The U.K. has been trying to encourage audit firms to voluntarily divide off audit from nonaudit services; notwithstanding, firms do not seem inclined to do so. As a upshot, the FRC is due to be replaced past a stronger regulator called the Audit, Reporting, and Governance Dominance, which is expected to force a breakup of the Big Four.

The U.K. experience should exist looked at by the SEC to appraise whether a separation of audit and nonaudit services operationally could work in the The states. The profession has talked near it for many years. It may be premature to report a legal carve up into ii entities. Given the expanding scope of prohibited nonaudit services and how they may be mischaracterized to skirt the independence rules (as discussed above), it seems to this writer that the time is right for such a carve up in the Usa.

By operationally splitting audit and nonaudit services, the firms would point that they take their obligation to exist independent in fact and advent seriously.

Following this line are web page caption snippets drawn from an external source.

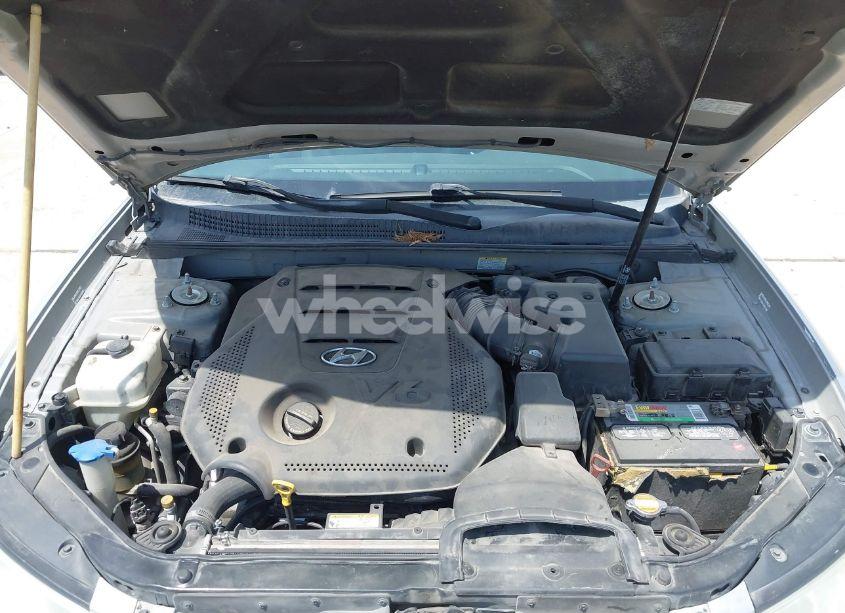 Photo 10 of 2009 Hyundai Sonata LIMITED V6 (VIN 5NPEU46F09H517604)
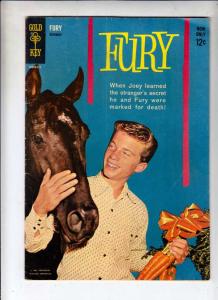 Fury #1 (Nov-62) VF- High-Grade Fury, Joey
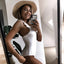 Elegant Black One-Piece Swimsuit with Ruffles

Protecting the Public Interest

In fiscal 2018, 34% of the Big Four's combined global revenue came from auditing, compared with 43% from consulting and advisory work; the rest came from tax and legal work. The Big Four have generated more revenue from consulting and informational services than from auditing since fiscal 2015 (Andrew Grill, "The Big 4 Consulting revenue now exceeds inspect piece of work—we demand to consider the "Large 6" in consulting," April 10, 2018, https://bit.ly/2Hf2Ss3).

Given audit firms' insatiable ambition for consulting and advisory services and its larger piece of the acquirement pie, it is unlikely that U.S. CPA firms would back up separating audit from nonaudit services. The firms' position has been that the expertise gained through greater admission to technology and the clients' businesses helps to deliver high-quality audits. Investors, on the other paw, worry almost audit firms shifting their focus abroad from core auditing responsibilities and the potential for conflicts of interest when earning large consulting fees from an inspect client.

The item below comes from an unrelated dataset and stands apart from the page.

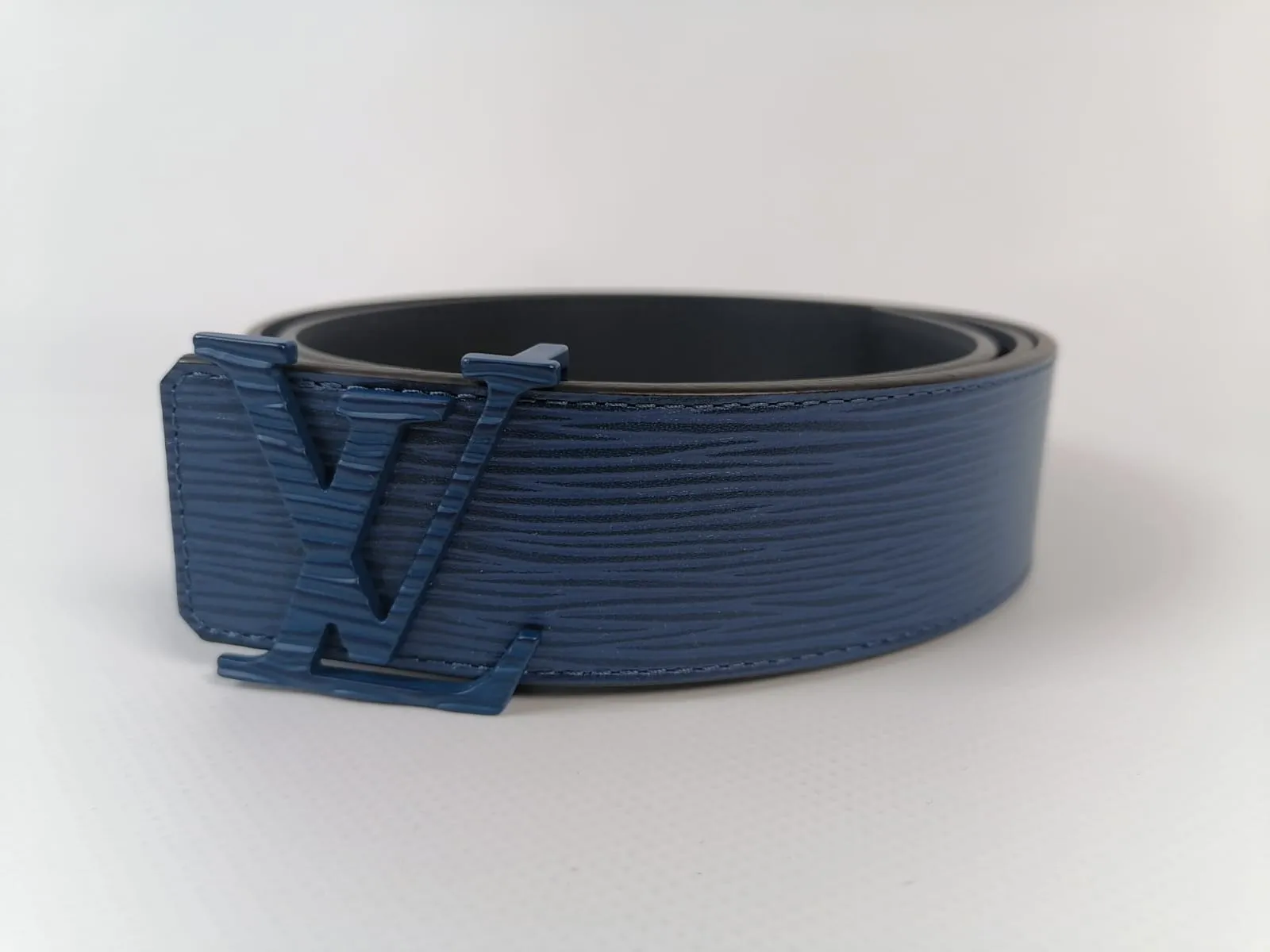 LV Initiales 40 MM Epi Belt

The rise of consulting services is generally considered to have fundamentally inverse the culture of CPA firms. Gone are the days when nigh bookkeeping professionals are steeped in a strong ethics culture. Today, consulting and advisory services are being provided by experts who may or may not be CPAs. They are used to a competitive marketplace for such services and may be more willing to compromise on independence to gain lucrative consulting services.

By operationally splitting audit and nonaudit services, the firms would signal that they take their obligation to be independent in fact and appearance seriously, and that they recognize the importance of avoiding conflicts of interest when both services are provided to a customer. The public should await nix less.

Steven M. Mintz, PhD, CPA is professor emeritus of accounting at the Orfalea Higher of Business concern, California Polytechnic State Academy, San Luis Obispo, Calif. He is a member of The CPA Periodical Editorial Advisory Board.